- [What you need to do]: Could you restate word for word the lines running from the one with "FENDI(フェンディ)の【" to the end of the data, both ends included, but without pictures?

- [Given records]:

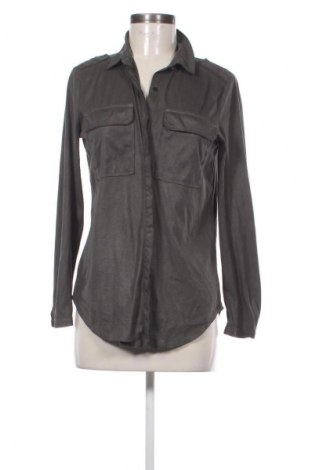 Дамска риза Mango, Размер S, Цвят Зелен, Цена 73,15 лв.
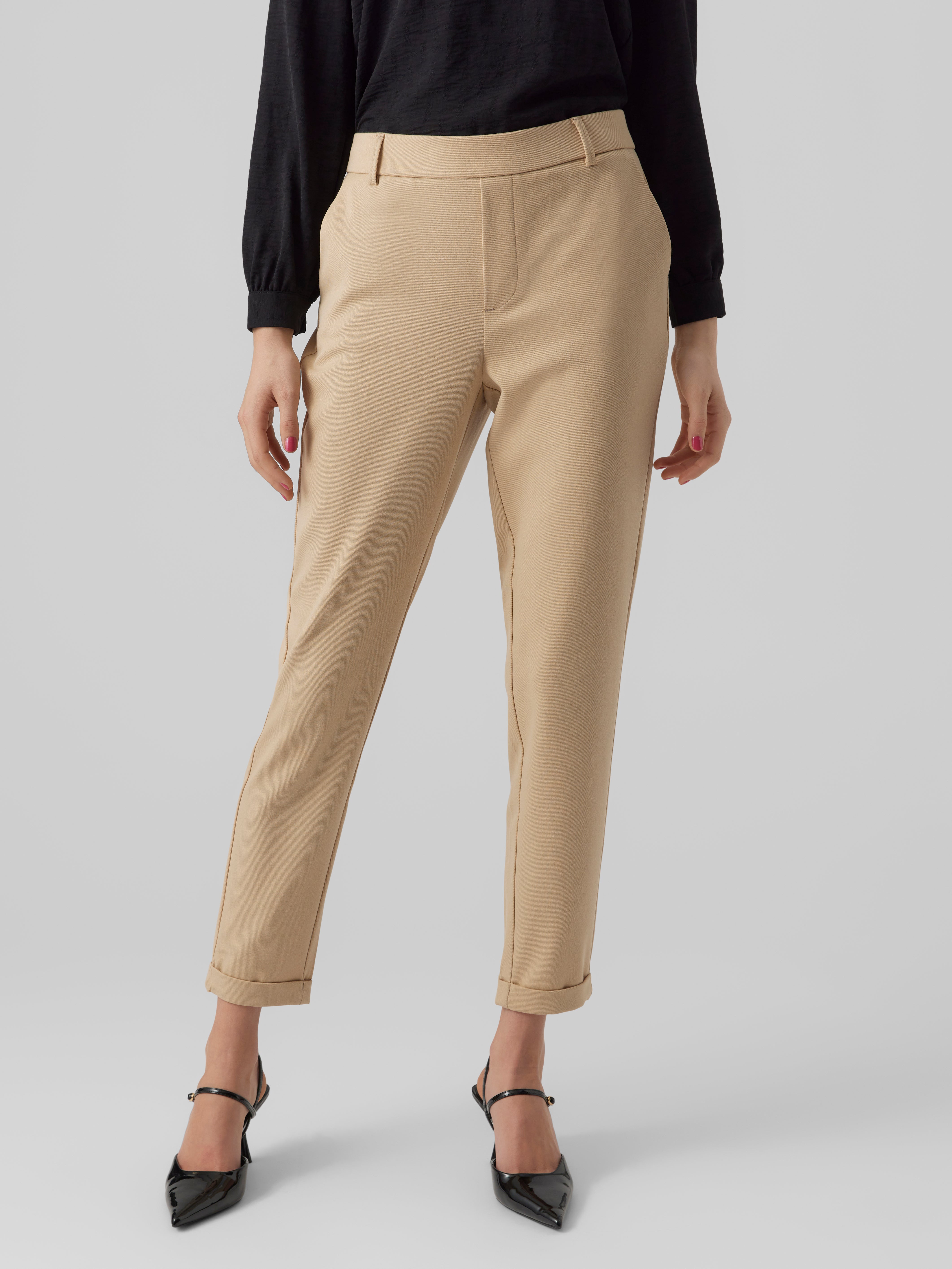 VMMAYA Mittlere Taille Hose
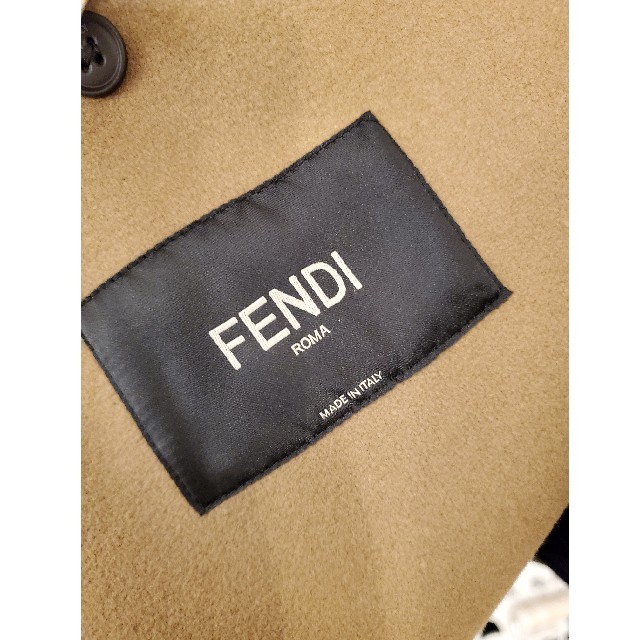 FENDI(フェンディ)の【まあくん専用】 メンズのジャケット/アウター(チェスターコート)の商品写真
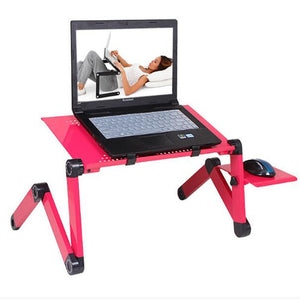 Ergonomic Aluminium Laptop Desk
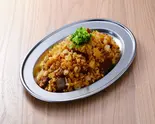 ぼっかけガーリックチャーハン（桜川焼そばセンター）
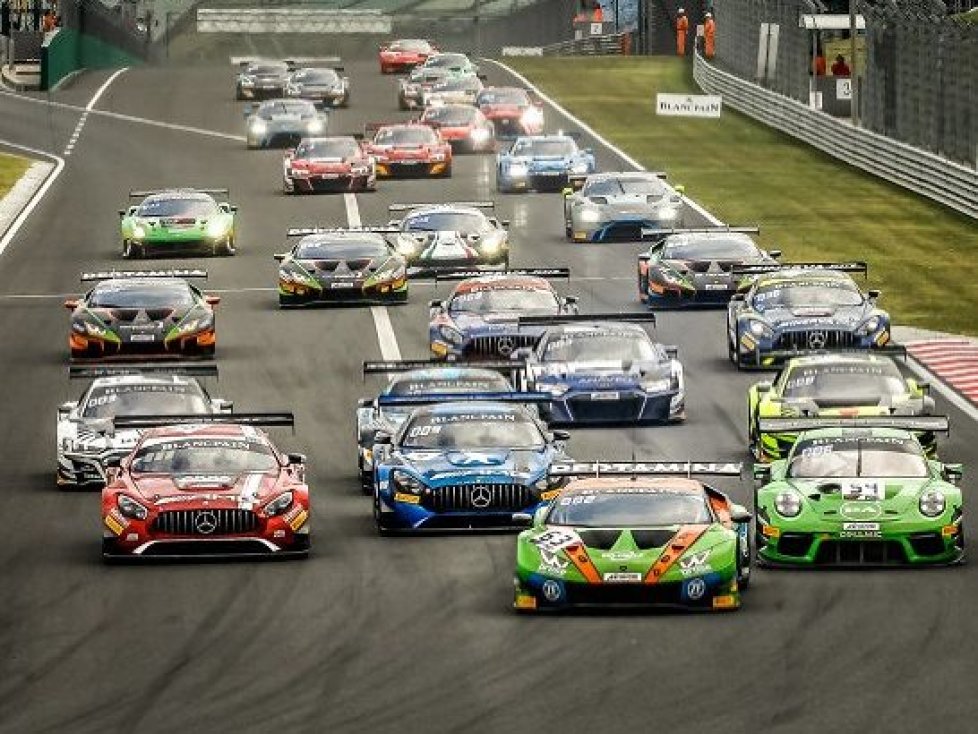 Blancpain GT World Challenge Europe, Start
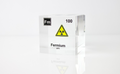 Fermium Element Cube - 2" Acrylic Display - Atomic Number 100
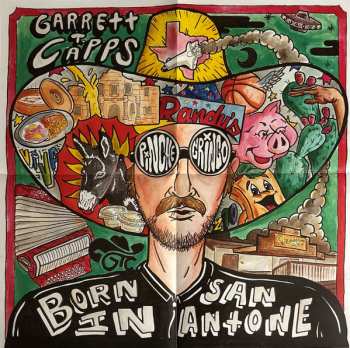 LP Garrett T. Capps: Garrett T. Capps Y Los Lonely Hipsters LTD | CLR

- [Expected output]:
 FENDI(フェンディ)の【まあくん専用】 メンズのジャケット/アウター(チェスターコート)の商品写真
 Ergonomic Aluminium Laptop Desk
 ぼっかけガーリックチャーハン（桜川焼そばセンター）
 Blancpain GT World Challenge Europe, Start
 Fermium Element Cube - 2" Acrylic Display - Atomic Number 100
 LP Garrett T. Capps: Garrett T. Capps Y Los Lonely Hipsters LTD | CLR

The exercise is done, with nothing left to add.